During 1948, Reg, still with the South Australian Mines Department, was in Britain in association with uranium on behalf of the government; Griselda has said that she met Reg "on ...the island of Arran, .... Well there was I with three nursing sisters I'd held up with, and as I walked out of the restaurant that night, they stopped me and said, 'I bet you can't get a date with the Australian before midnight tonight, for tomorrow. I said 'How much is it worth', they said 'five quid', and I said 'that'll do me'. I got the five quid, got the date, and I always say, I won him in a bet".

In 1952, a daughter, Margaret and in 1954, a son, Douglas were born in South Australia.

Griselda and the children often accompanied Reg in his outback travels. In 1962 the entire family completed the first vehicular crossing of the Simpson Desert. In 2001, Griselda published an account of those travels in Dune is a four-letter word.
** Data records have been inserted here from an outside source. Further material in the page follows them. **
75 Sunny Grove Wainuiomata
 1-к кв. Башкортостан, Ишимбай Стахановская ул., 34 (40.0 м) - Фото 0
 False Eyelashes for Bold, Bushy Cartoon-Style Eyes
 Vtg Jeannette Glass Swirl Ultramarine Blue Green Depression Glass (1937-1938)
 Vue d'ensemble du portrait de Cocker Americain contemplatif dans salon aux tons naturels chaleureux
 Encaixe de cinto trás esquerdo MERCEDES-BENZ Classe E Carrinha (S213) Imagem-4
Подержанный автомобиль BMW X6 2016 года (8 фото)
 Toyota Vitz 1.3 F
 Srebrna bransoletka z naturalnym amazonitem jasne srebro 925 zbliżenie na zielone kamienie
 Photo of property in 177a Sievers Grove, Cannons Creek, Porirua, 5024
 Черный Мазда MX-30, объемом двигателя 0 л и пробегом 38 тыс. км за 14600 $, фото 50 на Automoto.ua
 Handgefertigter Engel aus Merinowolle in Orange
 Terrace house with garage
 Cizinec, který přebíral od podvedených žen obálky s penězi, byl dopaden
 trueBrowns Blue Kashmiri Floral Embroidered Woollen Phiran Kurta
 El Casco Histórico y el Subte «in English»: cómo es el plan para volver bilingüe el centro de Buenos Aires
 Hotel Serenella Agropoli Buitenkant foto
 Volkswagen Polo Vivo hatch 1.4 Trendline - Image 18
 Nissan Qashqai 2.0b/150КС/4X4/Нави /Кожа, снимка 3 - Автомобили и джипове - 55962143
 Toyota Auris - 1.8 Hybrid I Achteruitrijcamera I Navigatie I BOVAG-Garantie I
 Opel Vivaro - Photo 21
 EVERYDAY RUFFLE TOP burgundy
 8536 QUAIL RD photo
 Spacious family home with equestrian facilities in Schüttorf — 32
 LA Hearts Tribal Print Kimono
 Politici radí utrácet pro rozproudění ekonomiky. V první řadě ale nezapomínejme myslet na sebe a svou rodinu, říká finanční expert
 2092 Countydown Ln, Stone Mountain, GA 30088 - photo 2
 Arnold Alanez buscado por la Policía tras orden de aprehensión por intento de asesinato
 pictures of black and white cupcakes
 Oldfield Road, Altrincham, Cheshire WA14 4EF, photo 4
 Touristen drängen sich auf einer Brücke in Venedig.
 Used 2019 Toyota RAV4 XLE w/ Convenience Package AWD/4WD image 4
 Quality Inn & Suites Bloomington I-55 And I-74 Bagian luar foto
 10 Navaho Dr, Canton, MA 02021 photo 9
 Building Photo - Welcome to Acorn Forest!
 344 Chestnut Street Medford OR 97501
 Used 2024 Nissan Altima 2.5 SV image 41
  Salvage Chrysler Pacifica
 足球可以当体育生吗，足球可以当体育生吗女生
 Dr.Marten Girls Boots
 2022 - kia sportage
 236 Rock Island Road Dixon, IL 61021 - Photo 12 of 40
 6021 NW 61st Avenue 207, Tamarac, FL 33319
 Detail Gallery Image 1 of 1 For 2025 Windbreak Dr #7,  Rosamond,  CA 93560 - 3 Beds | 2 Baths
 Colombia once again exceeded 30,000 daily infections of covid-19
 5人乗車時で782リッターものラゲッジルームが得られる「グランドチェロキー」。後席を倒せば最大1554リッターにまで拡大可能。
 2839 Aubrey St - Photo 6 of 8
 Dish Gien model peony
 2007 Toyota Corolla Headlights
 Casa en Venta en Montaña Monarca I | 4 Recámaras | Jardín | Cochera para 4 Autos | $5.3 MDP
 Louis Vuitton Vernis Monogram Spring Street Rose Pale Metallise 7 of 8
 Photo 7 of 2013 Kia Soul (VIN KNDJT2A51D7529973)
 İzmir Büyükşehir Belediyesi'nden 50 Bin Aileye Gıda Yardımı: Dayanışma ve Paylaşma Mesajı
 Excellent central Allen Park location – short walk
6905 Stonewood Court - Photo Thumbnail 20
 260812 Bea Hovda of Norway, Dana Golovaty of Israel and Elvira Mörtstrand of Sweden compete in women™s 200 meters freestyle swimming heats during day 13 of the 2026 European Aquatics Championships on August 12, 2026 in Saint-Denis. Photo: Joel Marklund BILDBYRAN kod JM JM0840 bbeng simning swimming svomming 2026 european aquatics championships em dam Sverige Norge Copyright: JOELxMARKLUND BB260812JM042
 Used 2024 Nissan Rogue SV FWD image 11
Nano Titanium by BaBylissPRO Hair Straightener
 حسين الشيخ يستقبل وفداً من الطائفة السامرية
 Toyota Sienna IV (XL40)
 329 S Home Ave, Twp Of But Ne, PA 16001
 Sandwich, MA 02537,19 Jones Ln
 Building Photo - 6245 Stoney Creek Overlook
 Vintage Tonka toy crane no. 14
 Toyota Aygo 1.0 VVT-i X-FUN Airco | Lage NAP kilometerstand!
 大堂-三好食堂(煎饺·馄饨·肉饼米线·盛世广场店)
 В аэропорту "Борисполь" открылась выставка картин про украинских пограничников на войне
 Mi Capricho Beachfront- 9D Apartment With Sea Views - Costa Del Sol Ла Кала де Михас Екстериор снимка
Reg Sprigg died on 2 December 1994 whilst on holiday in Glasgow, Scotland. His ashes were scattered at Arkaroola.

Griselda Sprigg died 20 March 2003.

== Bibliography ==

Reg Sprigg is the author or coauthor of these books:
- Uranium Deposits in South Australia with Dickinson, Samuel Benson, D. King, M. L. Wade, B. P. Webb, A. W. G. Whittle, F. L. Stillwell, and A. B. Edwards, Australia (South) Geol. Survey Bull., 1954.
- Arkaroola – Mt Painter in the Flinders Ranges with Griselda Sprigg, 1976.
- Arkaroola – Mt Painter in the Flinders Ranges: The Last Billion Years, 1984 and 1988. ISBN 0-959-0966-0-4.
- Geology is Fun (Recollections) or The anatomy and confessions of a geological addict , 1989 ISBN 0-959-0966-1-2.
- A Geologist Strikes Out, Recollections by Reg Sprigg, December 1993, ISBN 0-646-16410-4.

== Recognition ==
===Honours and awards===
- In 1980, he was awarded an honorary doctorate of science by the Australian National University.
- In 1982, he was the inaugural Lewis G. Weeks Medallist, awarded by the then Australian Petroleum Exploration Association.
- In 1983, he was made an Officer of the Order of Australia.
- In 1986, he was the recipient of the Royal Society of South Australia's Verco Medal; at age 17, he had been the youngest fellow of the society.
- In 1990, Flinders University conferred on him the honorary degree of Doctor of Science.

===Naming===
- In 1958, the genus Spriggina was named in his honour.
- In 1995 Australian Energy Producers renamed its gold medal (established in 1989 as the APEA Gold Medal) for "highly valued contributions within or for the Australian oil and gas industry or through sustained, notable leadership within APPEA" as the Reg Sprigg Gold Medal in his honour.
- In 1998, the Geological Society of Australia, South Australia Branch initiated the biennial Sprigg Symposium "in recognition of the contributions Dr Reginald Sprigg made towards many aspects of geology in South Australia".
- In 2001, the University of Adelaide announced that it had established the Reg Sprigg Chair in Petroleum Engineering in the (now) Australian School of Petroleum and Energy Resources.
- In 2004, the mineral Spriggite, a uranyl hydroxide mineral, was named in his honour.
- The Spriggina floundersi sculpture at the University of Adelaide, by Silvio Apponyi, was created in honour of Sprigg.
- The annual Sprigg Lecture Series is held by the South Australian Museum to commemorate his discovery of the Ediacara fauna.
- The main-belt asteroid 5380 Sprigg, discovered by Robert McNaught at the Siding Spring Observatory in 1991, was named in his honour.
- Sprigg Canyon, a submarine canyon on the Australian continental margin south of Kangaroo Island, one of the Murray group of canyons discovered by Sprigg in 1947.
- Sprigg Orogeny - neotectonic (contemporary) episode of mountain building along the axes of the Flinders and Mount Lofty Ranges in South Australia.